Ahern evidence:Taoiseach Bertie Ahern told the Mahon tribunal yesterday that he "had enough to do" without keeping accounts of his earnings and expenditure.
Mr Ahern was giving evidence at the Quarryvale II module of the planning tribunal.
Counsel for the tribunal, Des O'Neill SC, had questioned the Taoiseach about the source of some of the lodgements to his accounts in AIB between January 1988 and December 1992. He queried whether the Taoiseach had kept records of transactions apart from bank statements.
"You didn't, at the end of every year, work out what your income was and what your expenditure was and detail how you had spent?" Mr O'Neill asked.
"I had enough to do," Mr Ahern replied.
"I am not a plc, I am not a sole trader, I am not scheduled D taxpayer, just pay as you earn."

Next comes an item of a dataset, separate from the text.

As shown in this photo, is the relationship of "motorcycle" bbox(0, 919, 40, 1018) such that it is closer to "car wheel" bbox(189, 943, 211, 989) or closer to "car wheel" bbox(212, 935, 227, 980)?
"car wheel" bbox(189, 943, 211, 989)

He had also explained that he had spent many Saturday evenings trying to find the documentation required by the tribunal when they first contacted him in relation to their queries in October 2004.
"It wasn't done for me. I spent 10 Saturday nights trying to gather it together," he said.
He said that he genuinely tried to resolve all the issues raised by the tribunal quickly and efficiently.
"I accept that sometimes that took a period to do it, but I and who assisted me, never intentionally delayed the tribunal," he said.
Mr Ahern explained that he had not lost sleep about the allegations that he had received payments of IR£50,000 and IR£30,000 from property developer Owen O'Callaghan; he was more concerned about other allegations.
"I get allegations ten a penny; as you know yourself, it goes with the turf," he said.
"If I was losing sleep it wasn't about those issues, it was about the fact that this man was saying all kinds of mad things, including that I set up two colleagues to go and blackmail another colleague, and if that had been true I would have been finished. It was far worse than money."
Mr O'Neill asked if he would agree that any of the allegations would have exactly the same consequence. Mr Ahern said he would not.
"The difference of having got money or trying to blackmail somebody, blackmail a colleague, that's a very different reason," he said.
"I see, well I think we can move on," Mr O'Neill replied.